__What you are asked to do__: Please reproduce all the data exactly as written and omit the pictures.

__Collected material__:
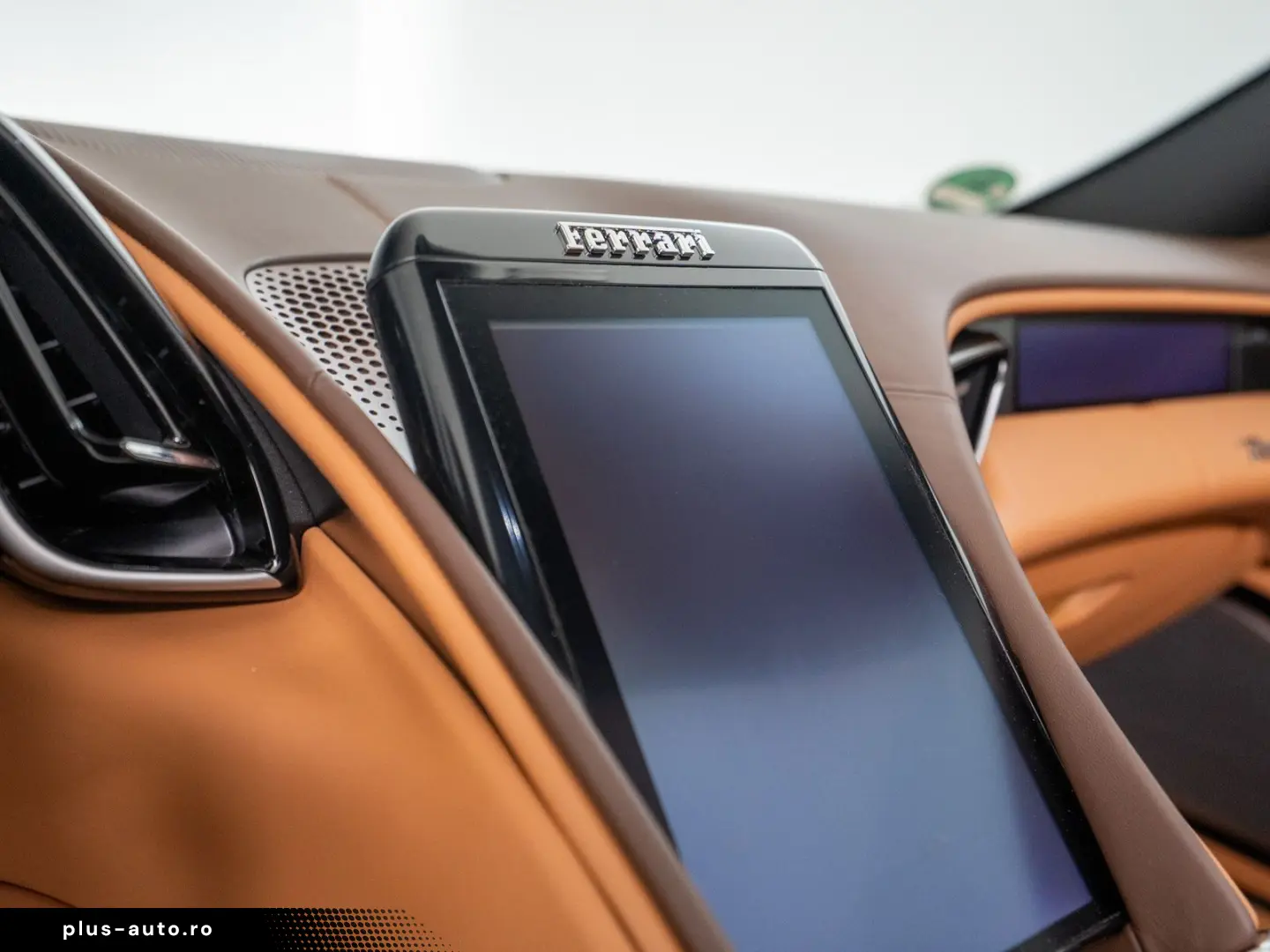 FERRARI Roma Spider FERRARI SINGEN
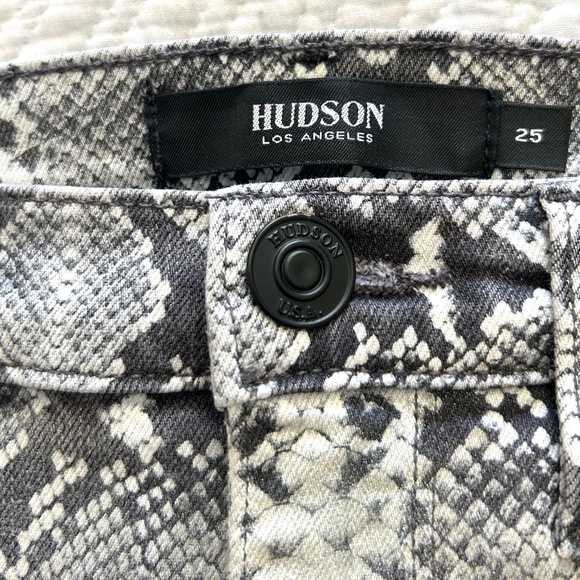 Like New Hudson Barbara High Waist Super Skinny Python Print Jean Size 25 - Picture 10 of 17
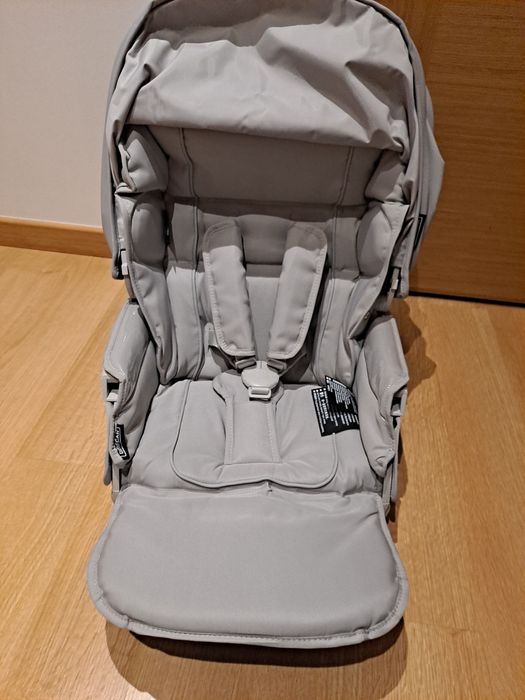 Cadeira carrinho bebé Bebecar cinzenta nova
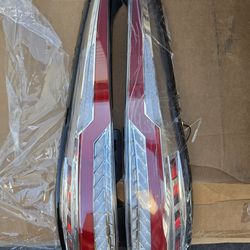 07-14 Chevy Tahoe / Suburban / GMC Yukon / Yukon XL Tail Lights Taillights Luces Traseras Calaveras Micas Faros Lamps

__Written response__:
 FERRARI Roma Spider FERRARI SINGEN
 Like New Hudson Barbara High Waist Super Skinny Python Print Jean Size 25 - Picture 10 of 17
 Cadeira carrinho bebé Bebecar cinzenta nova
 07-14 Chevy Tahoe / Suburban / GMC Yukon / Yukon XL Tail Lights Taillights Luces Traseras Calaveras Micas Faros Lamps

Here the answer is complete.